勤勉さやユーモアも、前者は仕事ができることだし、後者はコミュニケーションが上手なことだったりすると、両方あんまりの人は生きづらい時代だなーと思うのです。
基本口下手で、人と話すとすぐ冷や汗かいてしまうぼくなんかは、コミュニケーションが前提のサードプレイスは敷居が高かったりします。
(むしろアリオ上田のLoft前のTVコーナーとか、スーパー原信のイートインスペースの方が、ぼくにとってのサードプレイスだったりします笑)
というか「ウェーイ!オレ仕事が出来てコミュニケーション、バリバリっす!」ってどれぐらいの人が自信をもって言えるんだろう?
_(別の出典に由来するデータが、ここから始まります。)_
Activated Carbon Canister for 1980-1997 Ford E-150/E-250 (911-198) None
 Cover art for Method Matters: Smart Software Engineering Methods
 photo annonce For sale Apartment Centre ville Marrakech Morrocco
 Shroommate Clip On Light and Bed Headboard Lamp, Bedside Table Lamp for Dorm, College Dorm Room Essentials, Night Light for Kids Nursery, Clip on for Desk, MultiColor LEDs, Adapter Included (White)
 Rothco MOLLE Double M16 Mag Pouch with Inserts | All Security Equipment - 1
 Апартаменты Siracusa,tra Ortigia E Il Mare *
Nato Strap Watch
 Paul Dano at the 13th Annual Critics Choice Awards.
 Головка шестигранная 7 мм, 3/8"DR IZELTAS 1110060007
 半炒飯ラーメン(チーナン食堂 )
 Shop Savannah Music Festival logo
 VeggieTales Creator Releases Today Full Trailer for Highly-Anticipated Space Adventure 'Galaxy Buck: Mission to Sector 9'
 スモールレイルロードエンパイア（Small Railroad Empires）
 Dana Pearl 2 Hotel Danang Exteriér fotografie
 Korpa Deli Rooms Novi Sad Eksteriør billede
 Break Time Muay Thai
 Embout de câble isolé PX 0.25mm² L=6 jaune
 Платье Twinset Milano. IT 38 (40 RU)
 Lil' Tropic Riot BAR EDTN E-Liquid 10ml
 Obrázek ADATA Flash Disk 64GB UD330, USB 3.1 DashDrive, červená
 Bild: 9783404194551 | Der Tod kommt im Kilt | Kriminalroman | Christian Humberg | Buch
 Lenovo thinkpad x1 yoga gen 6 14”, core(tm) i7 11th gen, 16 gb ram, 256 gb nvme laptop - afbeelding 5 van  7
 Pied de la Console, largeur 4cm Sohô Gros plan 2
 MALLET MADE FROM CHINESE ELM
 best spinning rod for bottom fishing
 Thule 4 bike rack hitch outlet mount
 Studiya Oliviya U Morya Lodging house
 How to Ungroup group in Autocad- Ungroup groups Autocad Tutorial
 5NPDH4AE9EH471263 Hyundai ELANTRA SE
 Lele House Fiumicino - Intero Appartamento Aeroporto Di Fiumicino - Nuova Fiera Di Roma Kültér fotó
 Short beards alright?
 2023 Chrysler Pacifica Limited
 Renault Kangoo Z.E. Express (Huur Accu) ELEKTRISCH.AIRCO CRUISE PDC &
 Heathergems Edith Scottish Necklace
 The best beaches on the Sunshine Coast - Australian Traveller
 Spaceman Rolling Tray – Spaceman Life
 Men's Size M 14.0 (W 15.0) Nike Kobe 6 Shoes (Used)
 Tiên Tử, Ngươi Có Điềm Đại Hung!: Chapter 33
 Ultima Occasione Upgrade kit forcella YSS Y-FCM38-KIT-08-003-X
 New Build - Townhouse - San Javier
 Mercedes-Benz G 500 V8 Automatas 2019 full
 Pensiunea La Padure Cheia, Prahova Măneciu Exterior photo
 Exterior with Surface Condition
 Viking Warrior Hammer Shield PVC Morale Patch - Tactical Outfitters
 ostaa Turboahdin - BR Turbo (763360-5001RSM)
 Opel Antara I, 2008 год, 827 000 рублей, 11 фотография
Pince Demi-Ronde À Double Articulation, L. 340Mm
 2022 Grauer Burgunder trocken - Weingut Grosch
「サードプレイス」ということばが、今やコンビニエンスストアのキャッチコピーにも用いられているようになっているこの時代の背景に、勤勉さとユーモアを強調されることなく「何となくダメな自分で入れる場所」が必要とされているんじゃないかと思ったりします。

福祉から居場所を考えるということ

ケアに話を戻せば福祉や医療の現場というのはシビアな場面もあれば、どんどん介入して行かなければならない事態ということが起こります。
自分の家族もそういう経過を経てやっと日常生活を取り戻したりしているところに立会、キレイごとでは済まされないし、実際に支援者や関係者、もっと言えば社会に対して変わってほしいと切実に思うこともあります。
だけど、ぼくは、もっと大事にしたいことは、例えばリベルテで出会う人がそこに「いる」ということです。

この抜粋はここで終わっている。